O sul da Turquia era a grande notícia para os jornalistas: refugiados, ativistas e alguns desertores do exército sírio, que buscaram refúgio em pequenas cidades ao longo da fronteira turca. Esses mesmos desertores, muitos oficiais, formariam o Exército Livre da Síria para combater as tropas governamentais e que, hoje, abriga os comandantes mais graduados do grupo.

Um ano depois, Mohamed Fezzo contou que os refugiados foram esquecidos e vivem, hoje, em uma espécie de "limbo". "O governo turco tenta controlar tudo que entra e sai dos campos de refugiados, e dificulta a entrada de jornalistas".

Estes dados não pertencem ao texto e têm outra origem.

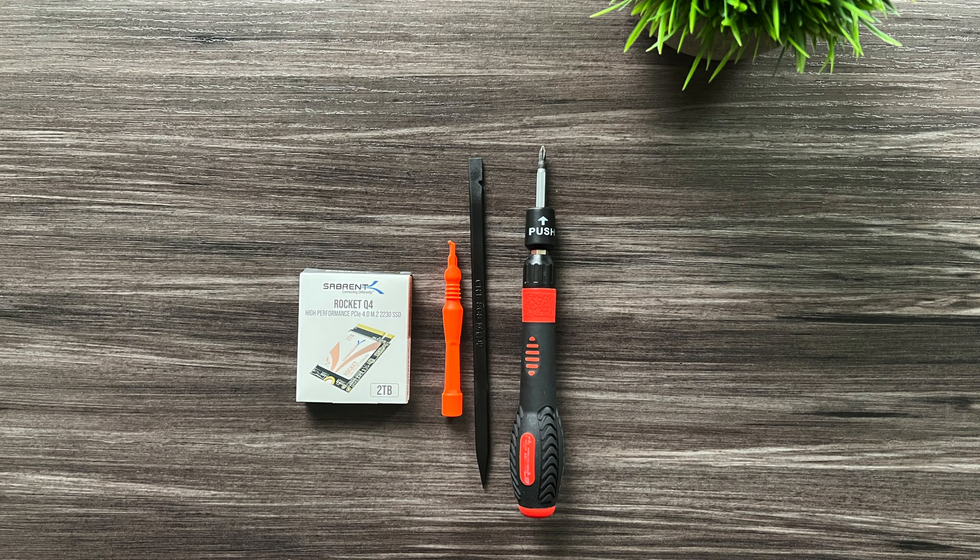Hey guys and welcome back to Full One On Tech. Today we're going to show you how to upgrade your SSD in your ASUS ROG Ally. Some things you're going to need for this job: a Phillips zero screwdriver, a 2230 SSD, and a spudger — either a guitar pick or a spudger from an iFixit kit.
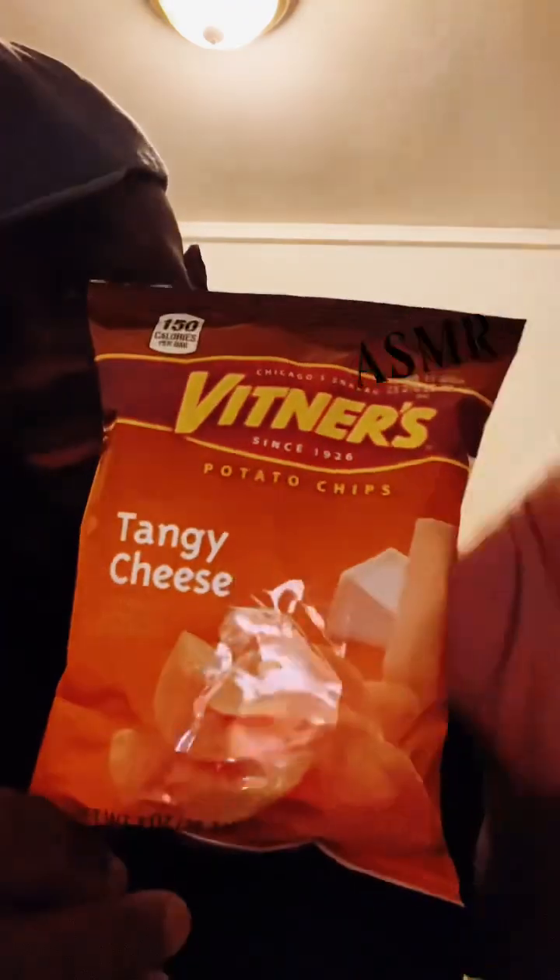Welcome to Milwaukee Life and Nature ASMR. I will be taste testing tangy tangy cheese potato chips.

Para Saeb, com a militarização do levante popular antigoverno na Síria, o foco passou a ser o conflito e jornalistas passaram a se preocupar em ter acesso ao território sírio. Ele explica que, hoje, jornalistas vão ao sul da Turquia para se encontrar com líderes militares da oposição e rumam para o lado sírio usando rotas de contrabando ou das milícias.

"Claro que isso é importante, estar lá dentro, ver de perto o que está acontecendo em cidades como Homs e Idlib. Mas os refugiados foram esquecidos, tanto pelo governo turco quanto pelo resto da comunidade e mídia internacionais", disse.

Saudade

Na vida de Mohamed Fezzo pouco mudou em relação ao ano passado. Na época, sua esposa e seus dois filhos pequenos haviam acabado de deixar a Síria para se juntarem a ele na Turquia. Naturais da pequena cidade de Kherbet al-Loz, no norte sírio, a família mora em Guvaçi, na fronteira, de onde Fezzo continua olhando a Síria do alto de uma colina e ajudando ativistas, que chegam da Síria trazendo informações para serem repassadas à mídia e organizações de direitos humanos.

"Optei por continuar meu trabalho de ativismo, não acho que eu tenha a coragem para entrar no exército rebelde e lutar contra tropas do governo. Ainda acredito na queda do regime e não desistiremos", enfatizou.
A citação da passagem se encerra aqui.